Billy Ingham

Personal information
- Full name: William Charles Ingham
- Date of birth: 22 October 1952
- Place of birth: Stakeford, England
- Date of death: 7 November 2009 (aged 57)
- Place of death: Blackburn, England
- Position(s): Midfielder

Senior career*
- Years: Team / Apps / (Gls)
- 1969–1980: Burnley / 211 / (22)
- 1980–1982: Bradford City / 78 / (4)

= Billy Ingham =

English footballer

William Charles Ingham (22 October 1952 – 7 November 2009) was an English professional footballer who played as a midfielder. Born in Stakeford, Ingham began his career with Football League Second Division side Burnley, making his senior debut in 1972. After eight years in the Burnley first team, he transferred to Bradford City in 1980 for a fee of £30,000 and went on to play almost 80 league games before being forced to retire in 1982. He later played non-league football for Accrington Stanley while working as a bus driver.

==Personal life==
Ingham was born in the village of Stakeford in Northumberland but moved to Burnley at the age of 15 when he was signed by Burnley F.C. as an apprentice. Following his retirement from football, he continued to live in Burnley, and worked as a bus driver for Burnley & Pendle. In 2008, Ingham was taken ill and was given last rites in hospital. He returned home but failed to fully recover and on 7 November 2009, he died following the illness.

==Football career==
Ingham began his career with Burnley where he was affectionately known as "the Ginger Pele". After joining the club as an apprentice at the age of fifteen, he was promoted from the youth team in 1969 and made his first-team debut on 12 February 1972, coming on as a substitute for Alan West in the 0–2 defeat to Hull City in the Football League Second Division. His first start for the club came on 3 April 1972 as the side lost 3–4 to Sunderland. He went on to play 265 games for the Clarets in all competitions, scoring 31 goals between 1972 and 1980.

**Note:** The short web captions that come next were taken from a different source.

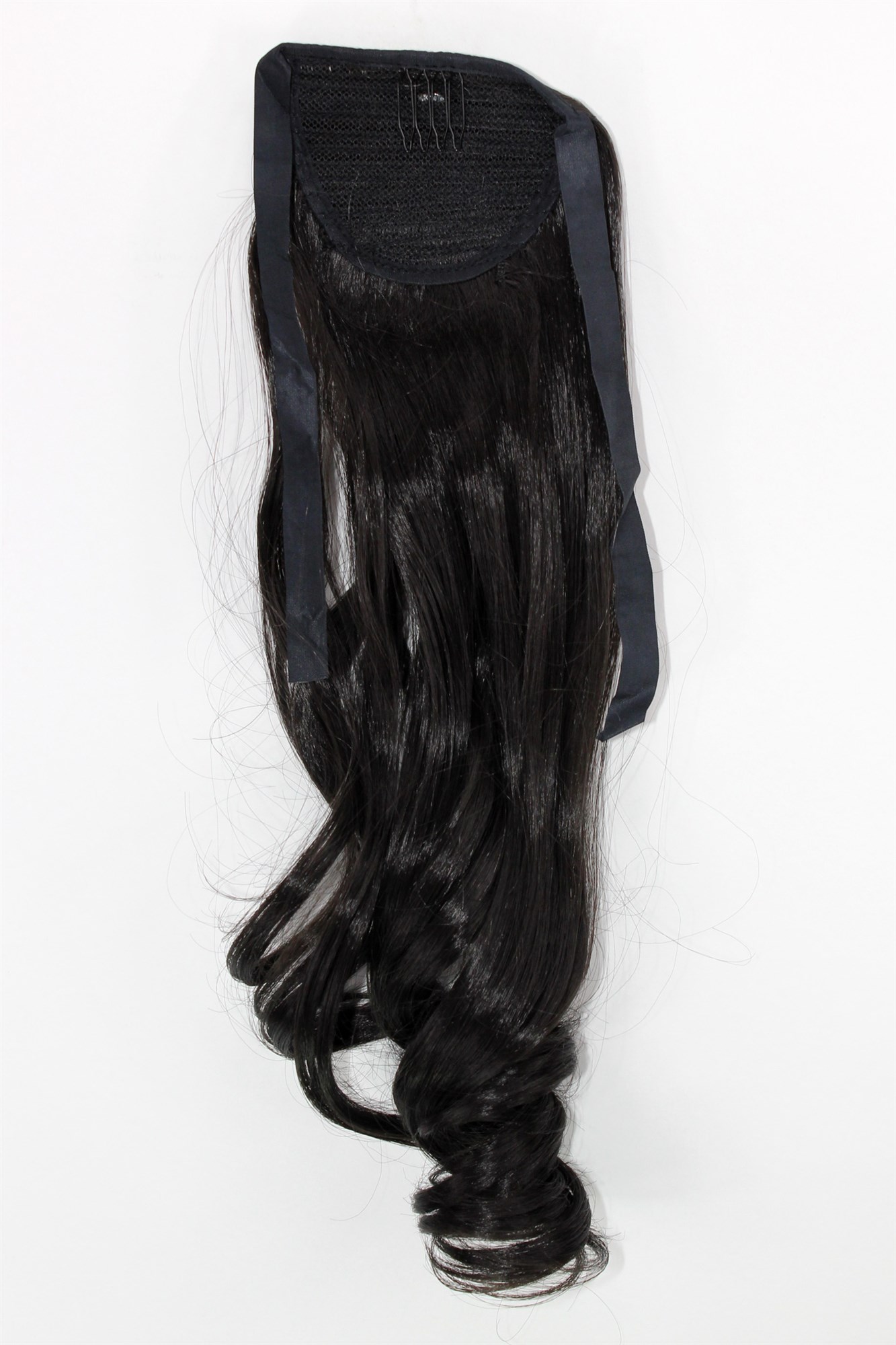 YZF-TC18-2 Hairpiece Pontail Pigtail extension slim light wavy comb and ribbon medium black 18", view 2, WIG ME UP: Your Perücken Online Shop Ponytails, black-brown, wavy, shoulder-length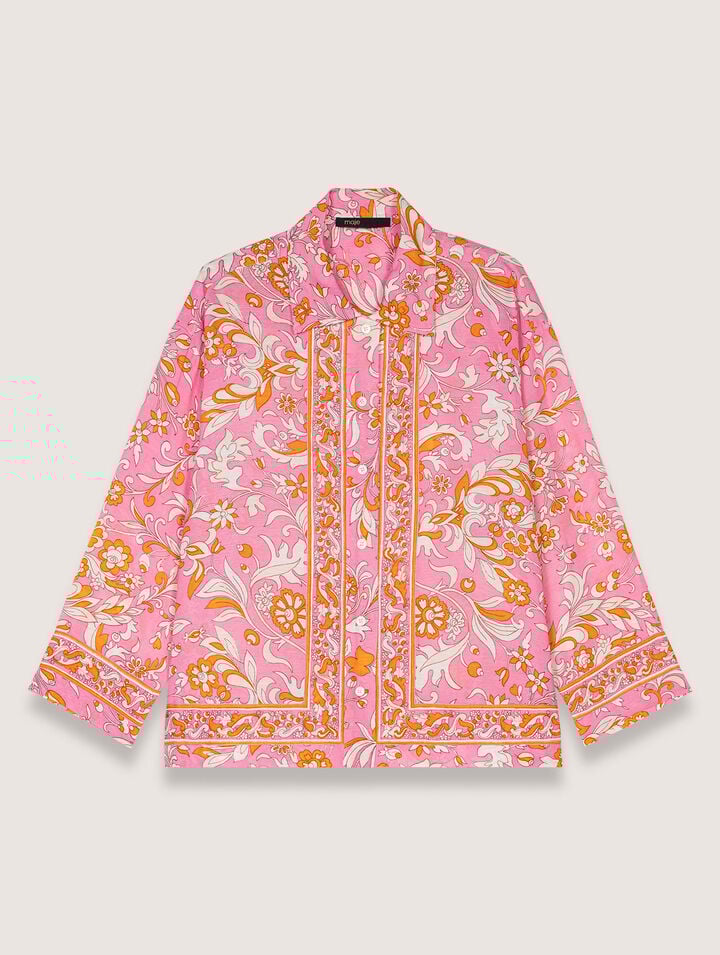 Camicia fluida in lino con stampa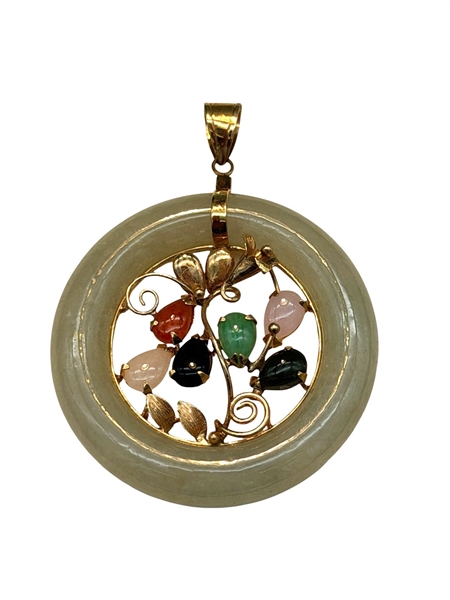 14k Gold Round Green Apple Jade and Stones Pendant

He was signed by Bradford City manager George Mulhall in 1980 for a fee of £30,000 and played 78 league games for the club in the following two seasons. He was part of the team which won promotion to the Football League Third Division in 1982, although he missed the last two months of the season through an injury which eventually ended his playing career at the age of 29. After retirement from the professional game, Ingham played part-time non-league football for Accrington Stanley. Prior to the 1986–87 season, he was given the chance to return to Turf Moor by manager Brian Miller, but he turned down the offer.